Jack certainly hoped that Profiles would identify him with uncompromising political responses to national dangers. He yearned for a challenge that would give him an opportunity to act like a political hero. The best he could find was a congressional proposal to reform the electoral system. Jack took up the cudgels against what he described as “one of the most far-reaching—and I believe mistaken—schemes ever proposed to alter the American constitutional system. No one knows with any certainty what will happen if our electoral system is totally revamped as proposed.” Jack emphasized how well the existing electoral system had worked to ensure the influence of the popular vote, the two-party system, and “the large-State-small-State checks-and-balances system.” The proposed amendment, which he feared could destabilize American politics at a time of grave foreign challenges, was nothing voters had demanded or even knew about. Although Jack gave a lengthy, authoritative Senate speech that contributed to the defeat of the amendment, his opposition hardly registered on the press or the public; reform of the electoral college was an invisible controversy.

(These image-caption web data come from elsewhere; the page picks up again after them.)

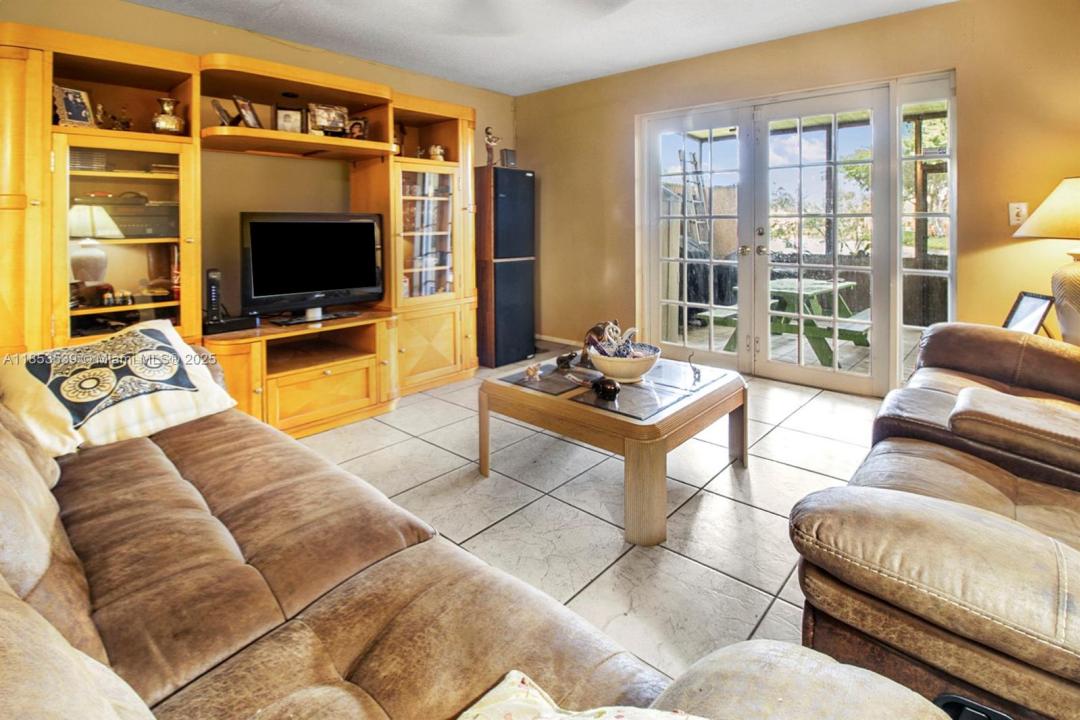 9351 NW 14th Ct 247, Pembroke Pines, Florida 33024, Estados Unidos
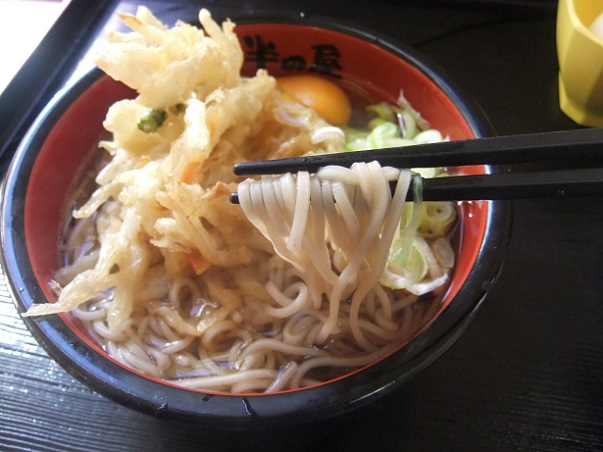 半田屋北越谷店の天ぷらそば＋生卵２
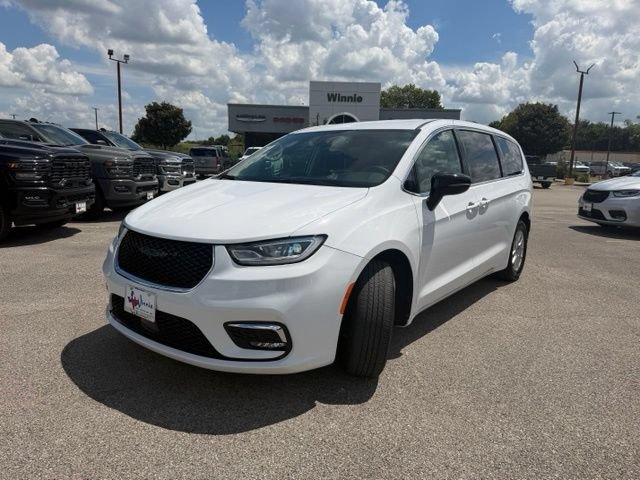 Used 2024 Chrysler Pacifica Touring-L FWD image 3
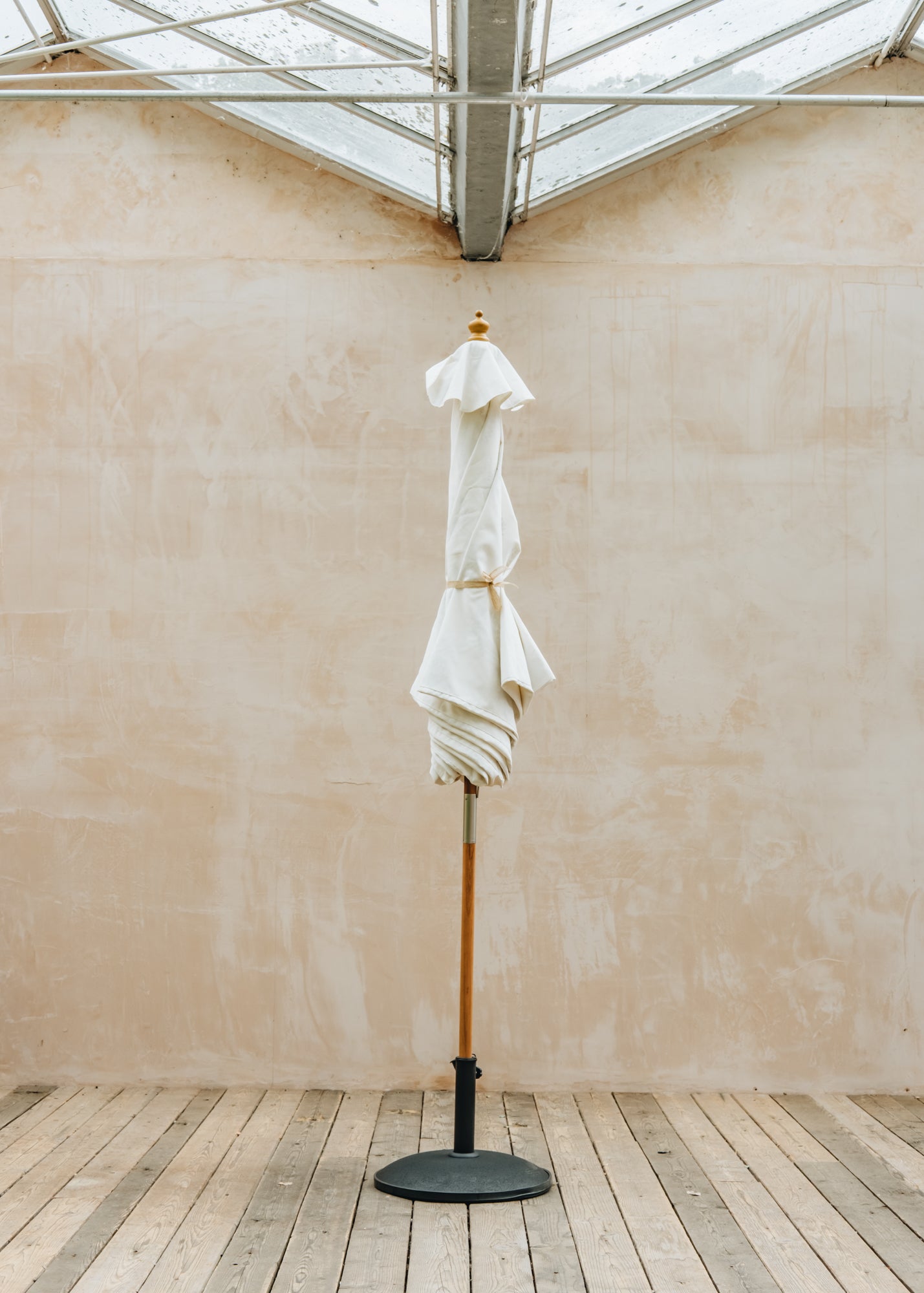 Titania Kiki Booti Moss Centre Pole Parasol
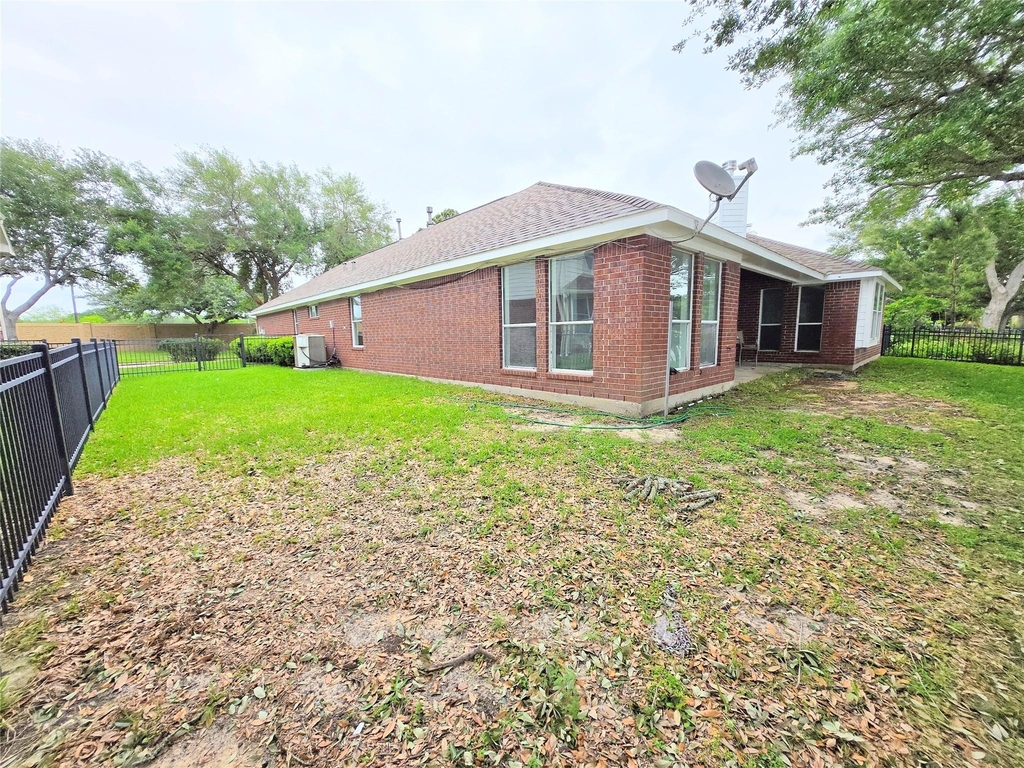 4018 Crystal Lake Circle N - Photo 32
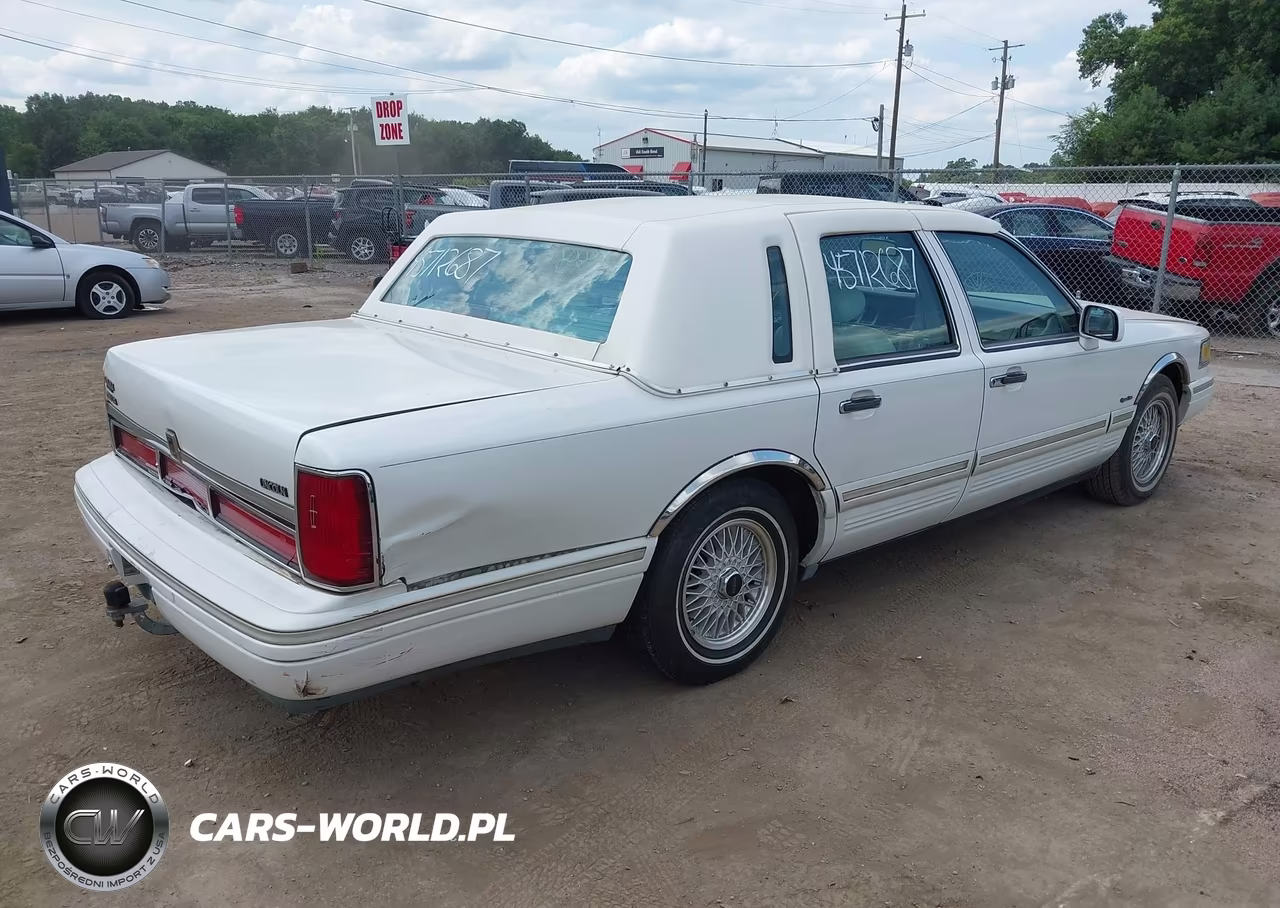 1997 Lincoln Town Car Signature VIN:1LNLM82W2VY601562 - 4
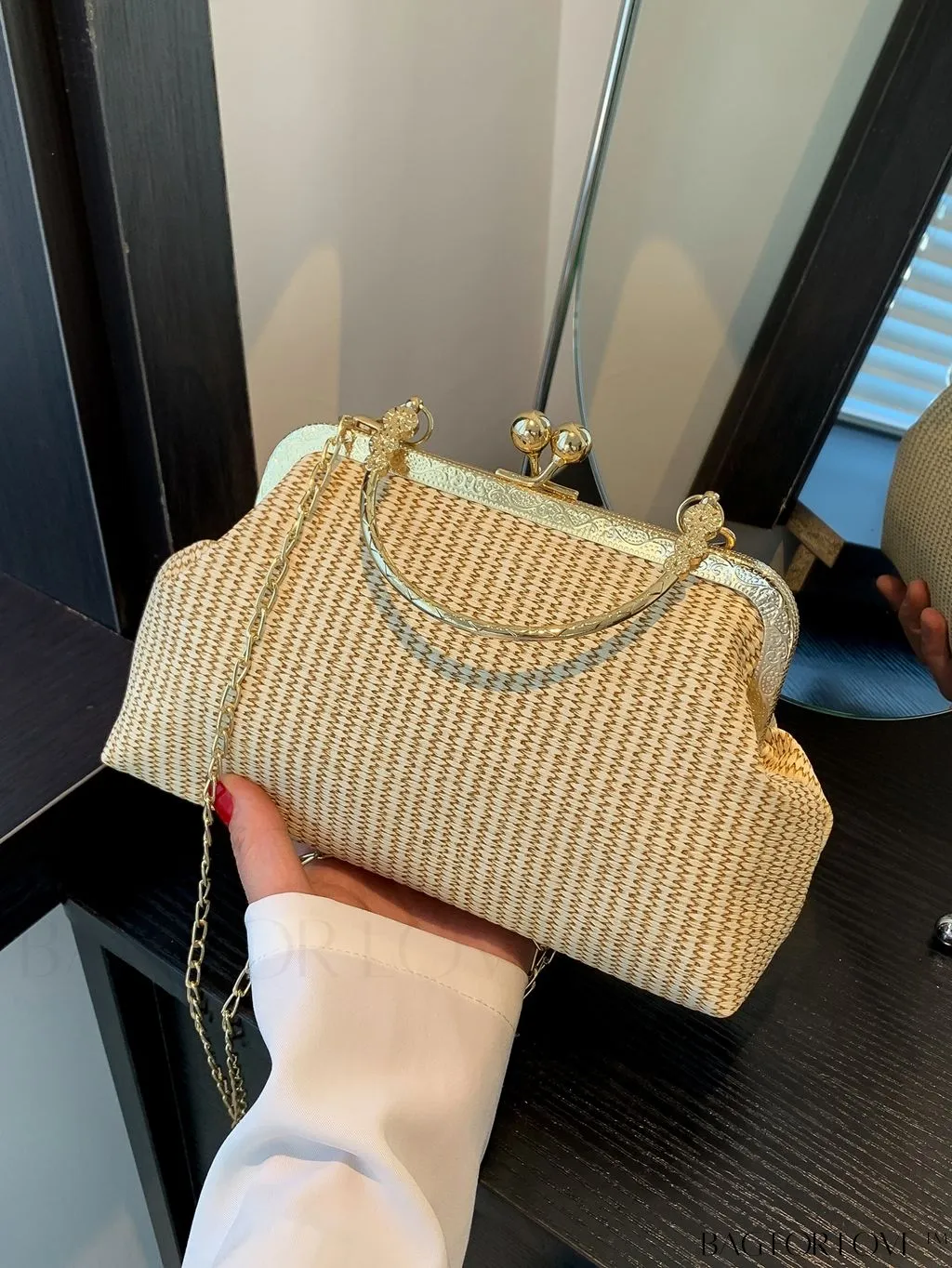 BagForLove - Chic Khaki Crossbody Handbag with Chain Strap - Effortlessly Fashionable and Versatile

OTHER THAN THE MCCARTHY CONTROVERSY, the most significant political challenges Kennedy faced between 1954 and 1956 centered on the Massachusetts Democratic party—a venue not for heroics but for self-serving, brass-knuckle politics disconnected from any larger public good. In 1954, Kennedy found himself in a battle with Foster Furcolo, a Yale-trained Italian American attorney who had served as a Massachusetts congressman and state treasurer and was a Democratic candidate for Republican Leverett Saltonstall’s U.S. Senate seat. In 1952, Furcolo, looking ahead to a Senate race and the need for independent and Republican votes, gave Jack cautious support against Lodge. In response to this tepid endorsement, Jack, who had an excellent working relationship with Saltonstall and a high personal regard for him, was reluctant to back Furcolo. And like Furcolo two years before, Jack did not want to antagonize non-Democrats who had supported him and might vote for him again in 1958. Nor was Jack eager to help someone he saw as an ambitious rival for statewide influence and possible national power.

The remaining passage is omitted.